Complications: Renal failure if unrelieved obstruction for > 7 days.
3% of all Americans will suffer from a kidney stone at some time in their life, and half of these people will suffer recurrences over the following ten or more years. It is thus a disease which touches a significant portion of the population.
Normal urine contains predictable amounts of calcium, magnesium, uric acid, and other by-products of metabolism. Normally these substances are in solution and pass into the bladder. Under certain conditions of high saturation, and in a complex chemical environment that is not yet completely understood, the chemicals may crystallize and form a stone-like particle in the kidney. Once formed it stimulates continued crystallization. If the stone remains in the kidney, no symptoms may occur, although there may be microscopic signs of blood in the urine. Once a piece of the stone breaks off and enters the ureter leading to the bladder, prompt spasms occur.
Urine of most normal people is supersaturated with respect to calcium oxalate, so all people can potentially form such stones. Normal urine is not supersaturated with respect to uric acid, cystine or struvite. Conditions that raise calcium oxalate supersaturation raise the risk of calcium oxalate stones. Hypercalciuria and hyperoxaluria are two main clinical examples, and both can result from many diseases. Hyperparathyroidism, renal tubular acidosis, sarcoidosis, vitamin D intoxication, and "idiopathic" hypercalciuria all are causes of hypercalciuria. Hyperoxaluria may be due to overproduction, from hereditary disorders of metabolism, or be acquired from intestinal disease or diet.
Apart from overexcretion, supersaturation can be increased by abnormal interactions between urine ions.
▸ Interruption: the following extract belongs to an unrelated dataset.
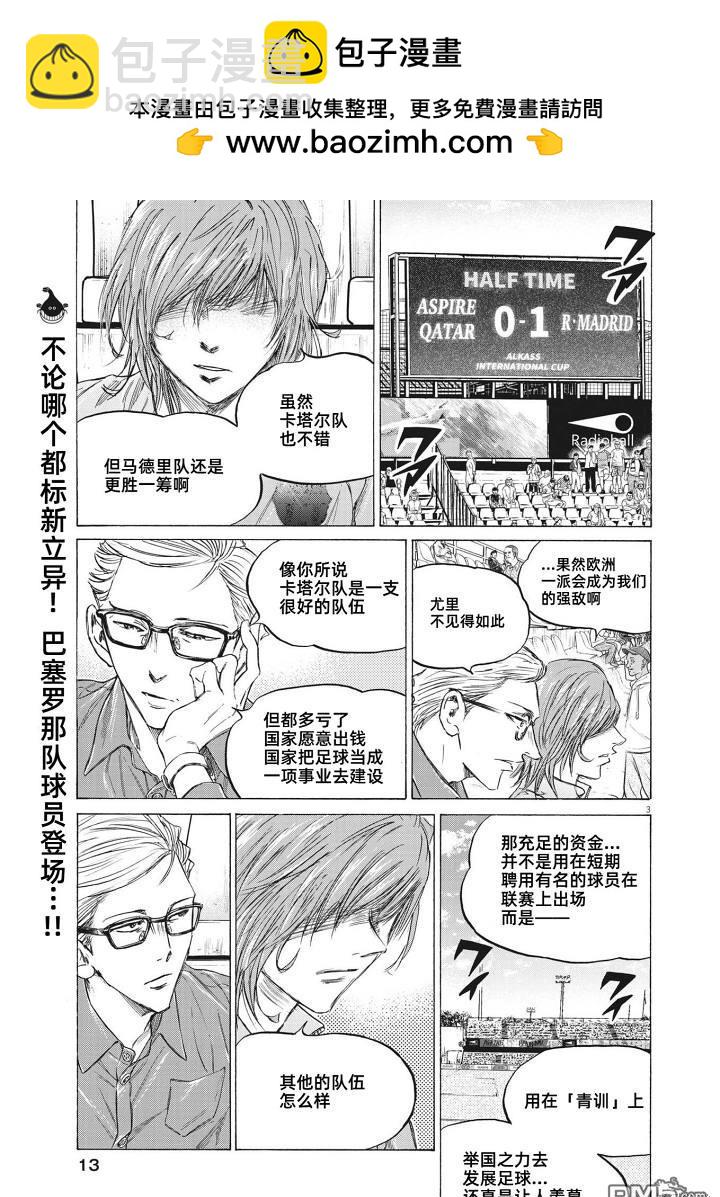第345话1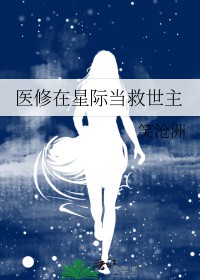 医修在星际当救世主作者笑沧洲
Urine citrate forms a soluble salt with calcium that normally reduces free calcium ion levels appreciably; low urine citrate from bowel disease, renal tubular acidosis, and, perhaps, dietary and hereditary causes can raise calcium oxalate supersaturation and promote stones. Normal women excrete more citrate and less calcium than normal men, perhaps a reason why men form stones more often. Low urine pH from hereditary causes or bowel disease promotes uric acid stones; high pH, from alkali, drugs, or renal tubular acidosis increases calcium phosphate supersaturation.
An infection of the urinary tract can cause cellular debris to act as a focus or "seed"on which crystals can form. Bacterial action makes the urine more alkaline, resulting in the deposit of phosphates, which form calcium phosphate stones. Excessive uric acid, increased excretion of calcium by the kidney, combined with an increased insolubility of calcium in the urine, can also cause stones to form. Long-term confinement to bed or even a chronic lack of exercise may encourage mobilization of calcium from bones into the blood, increasing calcium levels in the urine. Similarly, steroids can increase blood and urine calcium levels. An inherited disposition and excess weight can also predispose you to kidney stones.